How can I tell if a certain tree is big enough to support a 30-foot zip line?
Get out your calculators, it’s time to do some math…By Sarah Jensen
It seems everybody’s caught zip-line fever. From Florida to Mexico to Nicaragua, outdoor adventure enthusiasts zoom along the gravity-propelled cables strung between tall support structures. Smaller-scale zip-lines delight kids on the playground, and resorts and zip-line parks offer guests a truly exhilarating vacation. But before hosting an afternoon of teambuilding activities with coworkers or a one-of-a-kind bachelor party featuring your own backyard zip-line, it’s a good idea to make sure it’s as safe and sturdy as possible.
“Wood is a great structural element, and using a tree to support the cables would be fine,” says Amos Winter, assistant professor in MIT’s mechanical engineering department. “What really matters is the geometry of the tree. You want to use one with a large enough diameter that the zip-line doesn’t pull the tree over.” While a fat, sturdy tree will withstand a high buckling force and large bending loads, the flexing of a tall, thin tree can result in slackening of the cable — or cause the tree itself to snap under the stress imposed by the zip-line.

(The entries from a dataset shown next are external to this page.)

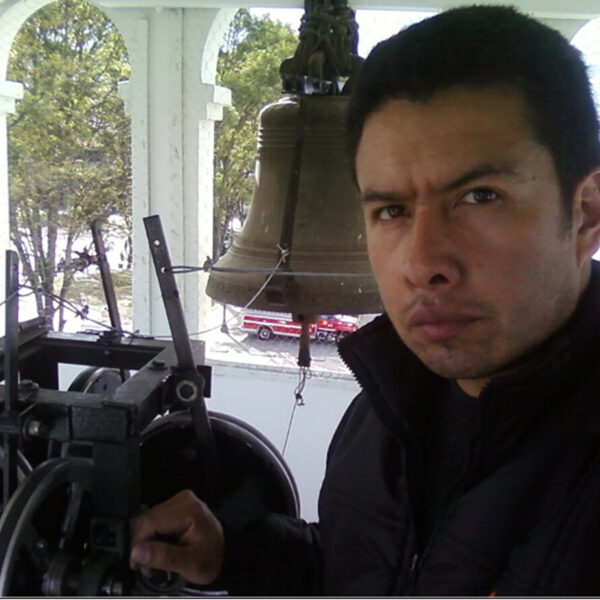 Omar Javier Guerra durante el procesó de reparación y mantenimiento de la maquinaría del reloj de la Parroquia de Santa Ana, en Teusaquillo. Foto: Cortesía prensa IDPC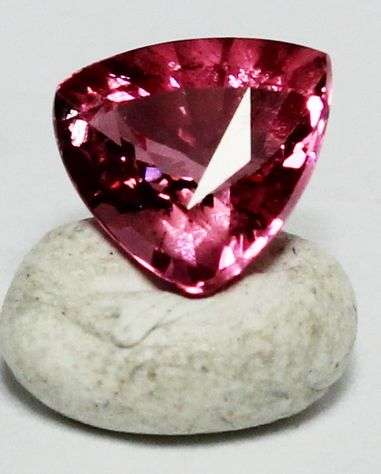 100% Natural 0.72 cts RUBELLITE TOURMALINE trillion facet (Nigeria, Africa)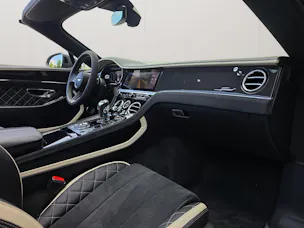 Bentley Continental GTC 6.0 W12 Speed mit Vollausstattung!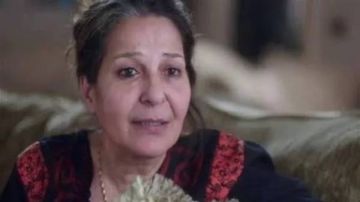 حنان يوسف تطالب الجمهور بالدعاء لشقيقها بعد دخوله العناية المركزة حنان يوسف تطالب الجمهور بالدعاء لشقيقها بعد دخوله العناية المركزة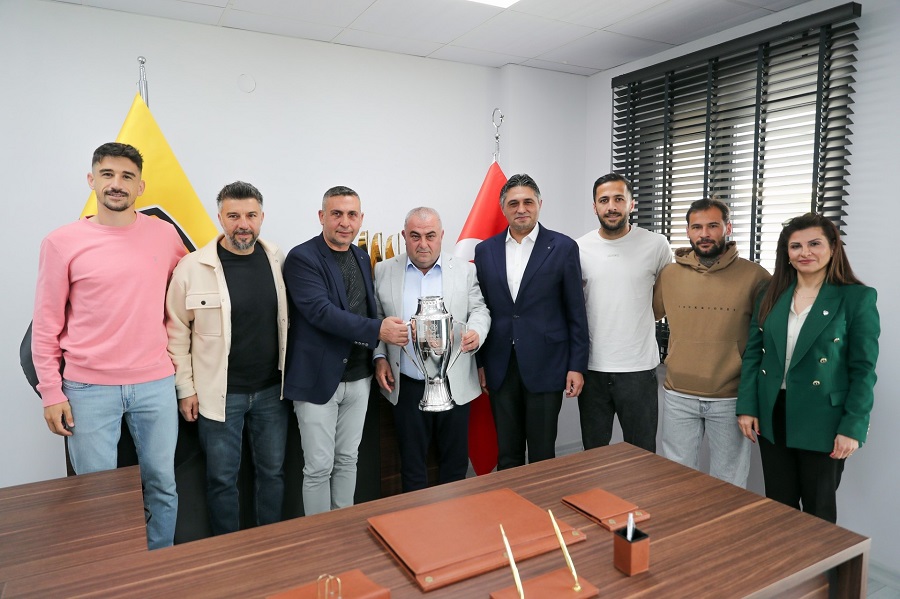 2. Lige yükselen Aliağaspor FK, Şampiyonluk Kupasını Aldı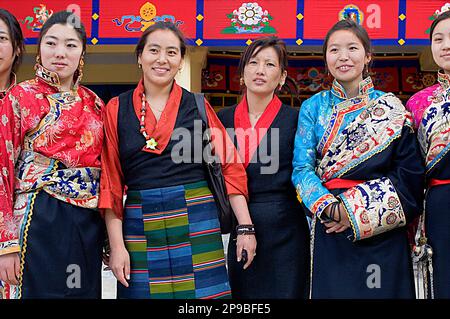 Tibetische Frauen in typischen Kleidern, im Namgyal-Kloster, im Tsuglagkhang-Komplex. McLeod Ganj, Dharamsala, Himachal Pradesh, Indien, Asien Stockfoto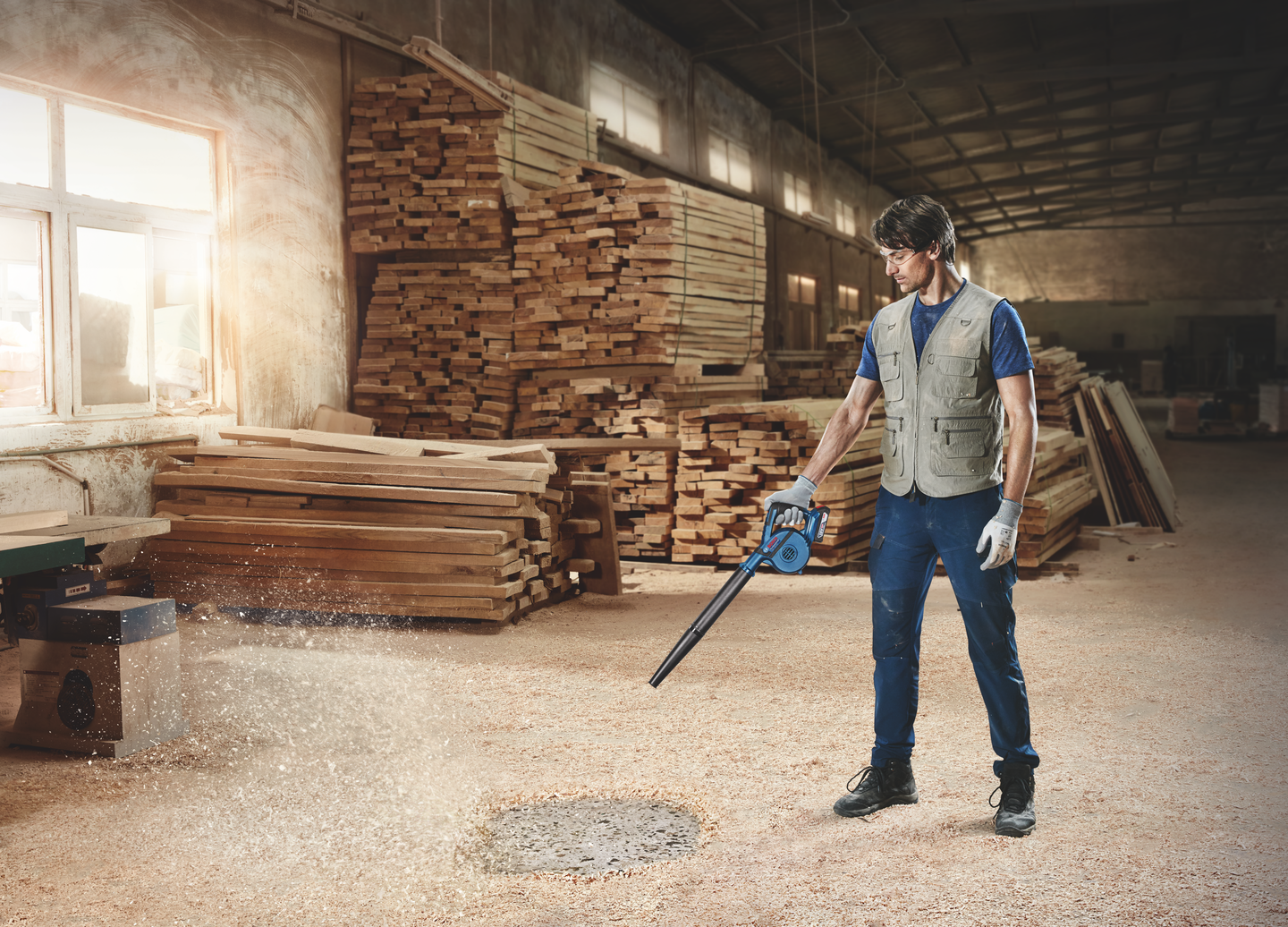 BLÅSARE BOSCH GBL 18V-120 SOLO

Discovering the amount of load a given tree can endure before it will break is no easy task and involves applying Euler’s buckling equation and formulas for determining maximum bending stress, as well as knowing the strength of the wood. Such intricate calculations aren’t really necessary for the backyard builder, who should be able to empirically tell whether a given tree is suitable for use in a zip-line, says Winter. “A tree with a large diameter can give enough stiffness and leverage to counteract the bending loads of a zip-line.” He suggests stringing a cable to the tree and hanging five to 10 times the weight of the intended zip-line-plus-rider. Jiggle and pull the weight, and if the tree holds up under the test, it should be adequate for supporting the actual zip-line. “When testing the system, be careful to stay clear of the cable or parts of the tree that could snap or break.”
Even when you’re quite sure your tree is sturdy enough to support the zip-line, Winter recommends adding safeguards such as guy wires to ensure that only a compressive load is applied on the tree and not a bending load. “The zip-line will pull the tree in one direction and the guy wire in the opposite,” he says. The horizontal forces cancel each other, and the net result in force pushes the tree straight down into the ground so the tree’s roots don’t need to counteract bending loads. The guy wires will also help keep the zip-line taut.
Most important, he emphasizes, is a thorough testing of the zip-line before inviting friends and family to hop on board. “I would make sure a zip-line could support at least 10 times the load you plan to put on it,” he says. “Engineers rigorously test and re-test all the time, particularly if a device could potentially cause injury. You can never be too cautious.”
Posted: May 07, 2013